Although both should have seen the gaps and done something about them, this never happened. It was only when things went bad (the project cost more and took longer) that they faced their miscommunications. Lawsuits have been on file for three years, two arbitrations conducted and many, many dollars spent unraveling what happened. No one is coming out a winner here.
The story started out like so many others — people who know and respect each other decide that they can undertake a project for their mutual benefit and profit. Because they are “sophisticated businessmen,” they don’t need lawyers to complicate their deal with lots of paperwork. They embark on a handshake. Letters, memos and e-mails are exchanged, all focusing on the positive aspects of the deal. The bank, the perennial fly-in-the-ointment of so many projects, insists on a written contract, so one is thrown together.

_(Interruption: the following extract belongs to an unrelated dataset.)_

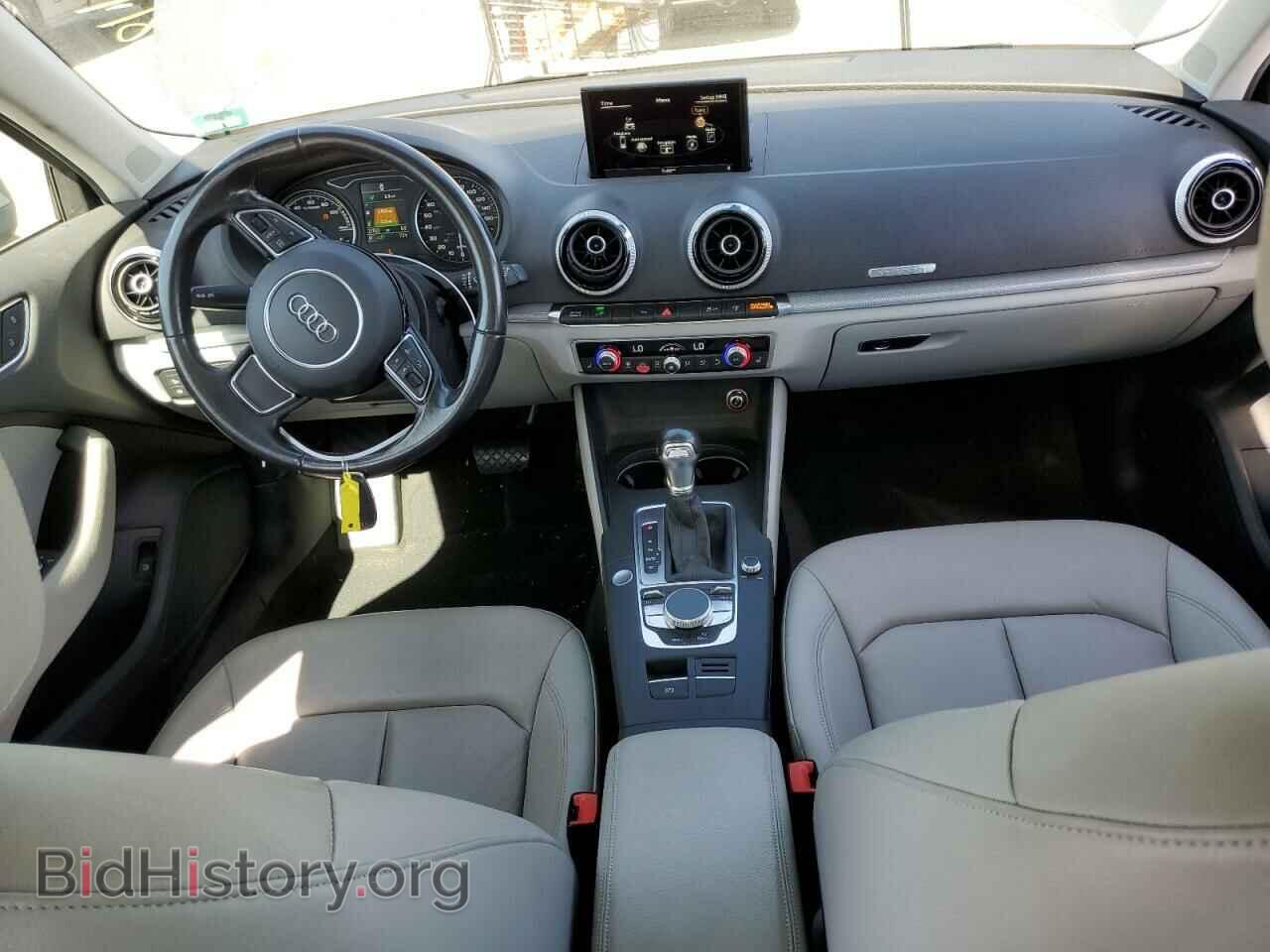 2016 AUDI A3 - VIN: WAUTPBFF7GA068135 - Фото 8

The contractor prepares a “standard form” contract that doesn’t exactly fit the situation of the parties, but somehow this isn’t noticed. The contractor leaves the date and price blank, because he knows that the design isn’t definite enough to determine these things yet. The owner adds both a substantial completion date and a guaranteed maximum price when it signs and returns the contract — not noticing that many other clauses of the agreement talk as if there is no completion date or GMP. The contractor promptly (but very politely) objects to these changes but still tells the owner that he fully expects everything to work out just fine. Everyone is “on the same team.”

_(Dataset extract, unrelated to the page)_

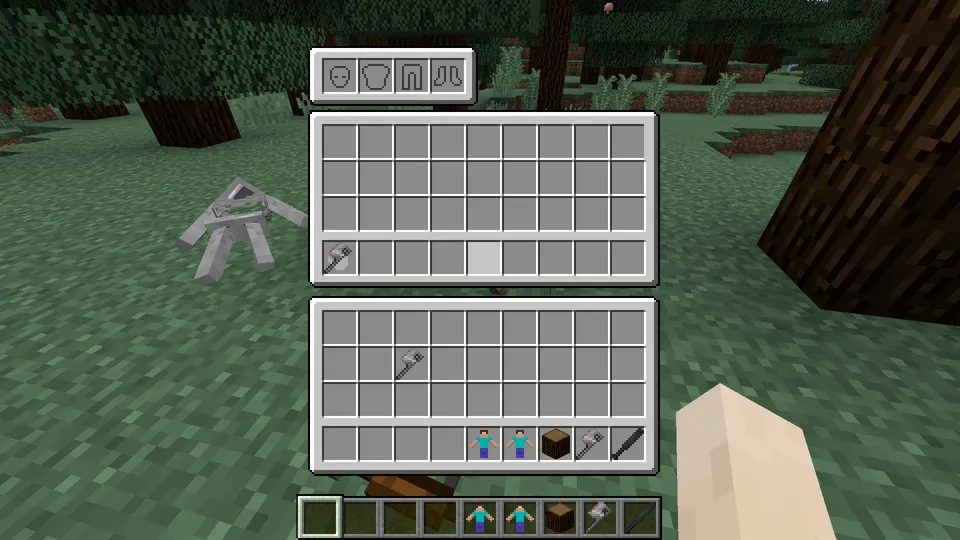 ModelCitizens-Remake — Minecraft mod, rasm 2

When the problems begin — starting with extensive and expensive permit delays and conditions — they are solved by throwing money at the project. Work under lights at night, double the number of crews, bring crews in from out of town and put them up in hotels, contract out work that the contractor would otherwise have done with its own forces. Although both sides are aware of the extra cost for these items, neither objects, partly because each believes that the other one will be absorbing the cost, but also because neither realizes that it is just going to keep getting worse until the loan proceeds run out.
At that point, the owner feels it has no choice but to advance funds to get the project done. It has lined up tenants and buyers and its highly prominent executives fear that they will lose face in the community if they don’t open on time. So, it pays the contractor the completion costs, without complaint. Only a year later, after the project is complete and the owner finally goes to a lawyer, does it decide that this is the contractor’s fault and sues him.
What is the lesson here? Help yourself and your customer by talking through potential issues in advance. If you see a term that you don’t agree with, get it resolved up front. If you know or sense that the owner has overlooked something or is going forward on some pretty shaky assumptions, speak up.
Yes, you risk ruffling feathers and piercing the euphoric balloon that you are all floating about in, but think about the consequences of not speaking up — they could be catastrophic.
Certainly, there are terms that are not so important that you want to jeopardize your deal over them, but every term has to be examined to know which ones they are.
Is the owner making marketing, sales and rental plans based on assumptions about completion dates? If so, it probably would be a good idea to explain, in writing, if the permitting process could be particularly long and expensive, or the schedule is particularly aggressive and based on factors not within your control.
Are there potentially expensive items not included in the GMP? If so, from where will the financing come? A failure to secure enough financing to cover all anticipated costs is a good sign that the owner may not fully appreciate what risks it is carrying.
Who will be the owner’s representative, and what will you have to go through to get changes agreed upon? Owners that are governed by groups, such as churches, social clubs and school boards sometimes insist on having group approval of extras, which can be time-consuming when every delay means that costs are running up. Owners that allow one member of a group to be their representative may not fully appreciate what that person is agreeing to — particularly if that person doesn’t have a strong background in construction.
These are just a few examples of the kinds of issues that owners may not even know lurk out there, but an experienced contractor knows can have devastating consequences. Allowing a customer to go forward oblivious to potential problems is not doing anyone a favor.